McCain Amendment on Rural Service Explained

Trying to understand legislative language is hard as often a bill may only change a few words or a sentence, leaving it up to the reader to understand what changes.  The paragraph below shows the changes that Senator John McCain wants to make to the section of the Tile 39 U.S.C. that describe public policy regarding rural post offices.  The changes are included in amendment No 250 to S.493 which reauthorizes a number of Small Business Administration programs.

Section 101

(b)The Postal Service shall provide a maximum degree of effective and regular postal services to rural areas, communities, and small towns where post offices are not self-sustaining.
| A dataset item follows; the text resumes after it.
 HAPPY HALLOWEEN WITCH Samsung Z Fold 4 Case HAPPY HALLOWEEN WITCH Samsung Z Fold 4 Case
No small post office shall be closed solely for operating at a deficit, it being It is the specific intent of the Congress that effective postal services be insured to residents of both urban and rural communities.

The changes to this paragraph give the Postal Service more flexibility in closing post offices.  Most importantly it allows the Postal Service to close a retail location if it is losing money.  The amendment removes any special protection that rural, Postal Service staffed, Post Offices may have in current law.

 It may also give the Postal Service more flexibility in providing delivery services as postal services may describe everything from the sale of postage to the delivery of a a mail or parcel.  It may also give the Postal Service some flexibility in defining service standards for rural communites.

Friday, September 24, 2010

Senator Carper's Bill: D.O.A

Senator Tom Carper introduced a new postal bill, the ‘‘Postal Operations Sustainment and Transformation Act of 2010’’ (The POST Act of 2010), to modify the Postal Service's business model on September 23rd.   The bill includes all of the legislative changes that the Postal Service requested as part of its action plan last March.  The strong support that Postmaster General Potter shows for the bill in the press release from Senator Carper's office confirms that this bill can be thought of as the "Postal Service's bill."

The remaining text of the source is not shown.